The case involved Kentucky Oaks Mall, an Ohio lessor, which sued Mitchell's Formal Wear, a Georgia corporation, for allegedly defaulting on a lease agreement. The undisputed evidence showed that Mitchell's conducted at least part of the negotiations of the lease terms by telephone calls to and from Ohio. In addition, Mitchell's signed the lease in Georgia, mailed the document to Ohio, where Kentucky Oaks Mall signed the contract. The lease was for ten years and required that all communications be sent to Kentucky Oaks Mall's home office in Youngstown, Ohio, and all lease payments were to be sent to a Cleveland, Ohio address.

In ultimately concluding that Mitchell's had transacted business in the state, the Ohio Supreme Court held that "a commercial nonresident lessee, for purposes of personal jurisdiction, is `transacting any business' within the plain and common meaning of the phrase, where the lessee negotiates, and through the course of dealing becomes obligated, to make payments to its lessor in Ohio." Kentucky Oaks Mall, 559 N.E.2d at 480.

Unlike Mitchell's, however, appellee did not negotiate any contract with appellant. Rather, one week after entering two agreements with NorVergence, it received notice that the contracts had been assigned to appellant. As Asel swore in his affidavit, at the time it executed the agreements, it did not know "that the agreements would be assigned, to whom they would be assigned, or that such new entity would be located in Ohio or would have the sole option of picking the forum." Asel further asserted that appellee "never anticipated that it would be sued in Ohio because it lacked any notice that Norvergence would assign the contracts to [appellant]."

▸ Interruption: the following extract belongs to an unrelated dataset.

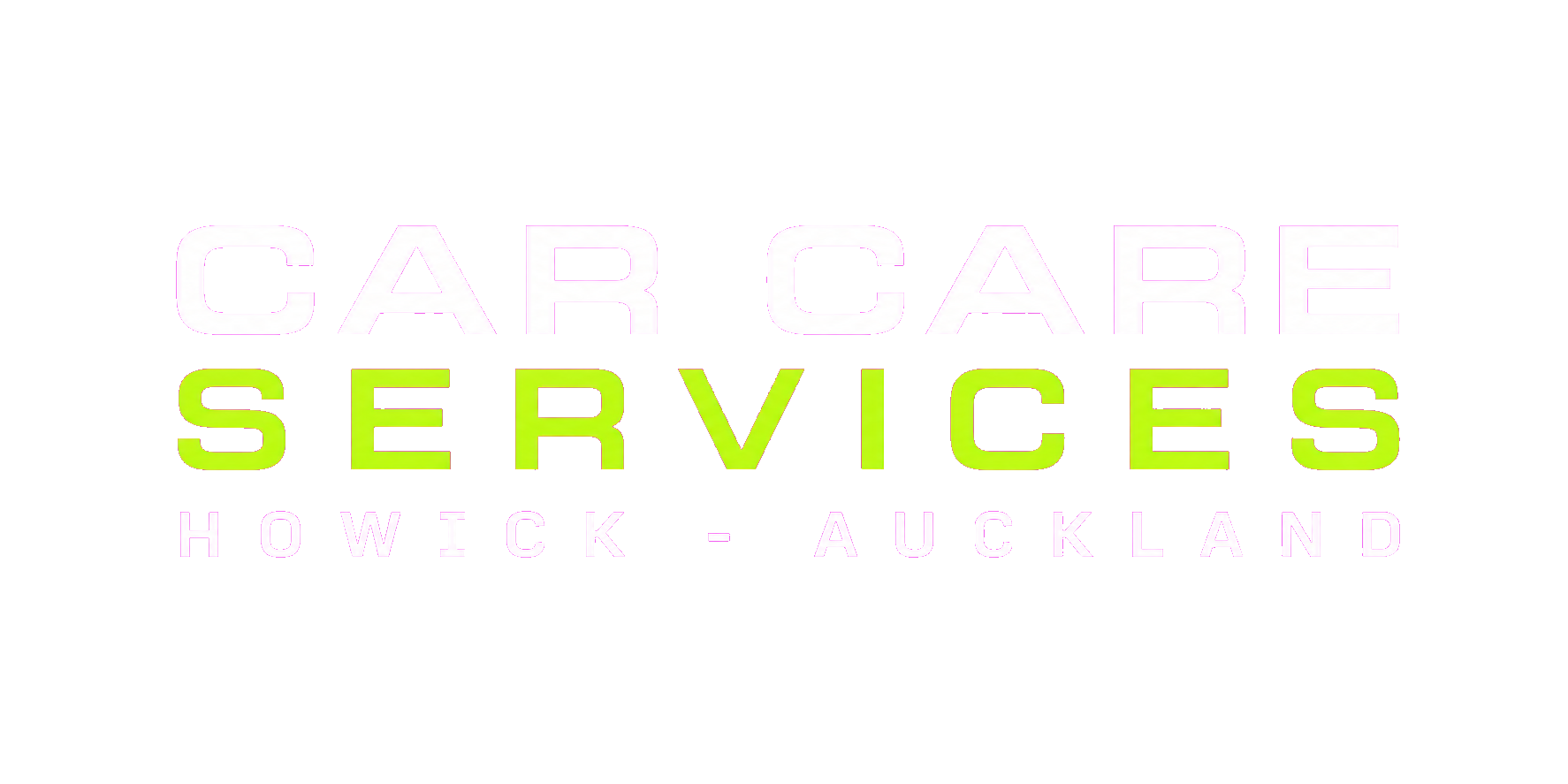 Car Care Services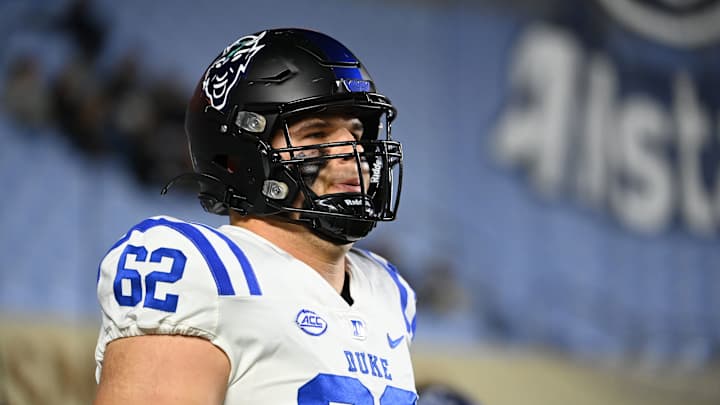 NFL Draft: Tampa Bay Buccaneers Mock Draft National Outlets Roundup 5.0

Under these circumstances, we cannot conclude that appellee's conduct — sending six checks to Ohio — constituted "transacting any business" within the Ohio long-arm statute and therefore the statute did not permit the exercise of personal jurisdiction over appellee. In making our review and reaching this conclusion, we did not consider paragraph five of Asel's affidavit, which appellant complains in its second and third issues is conclusory and should be stricken from the record. (Paragraph five asserts appellee "was not amenable to process issued in [Ohio] because [appellee] did not purposefully engage in any activities in the state of Ohio.")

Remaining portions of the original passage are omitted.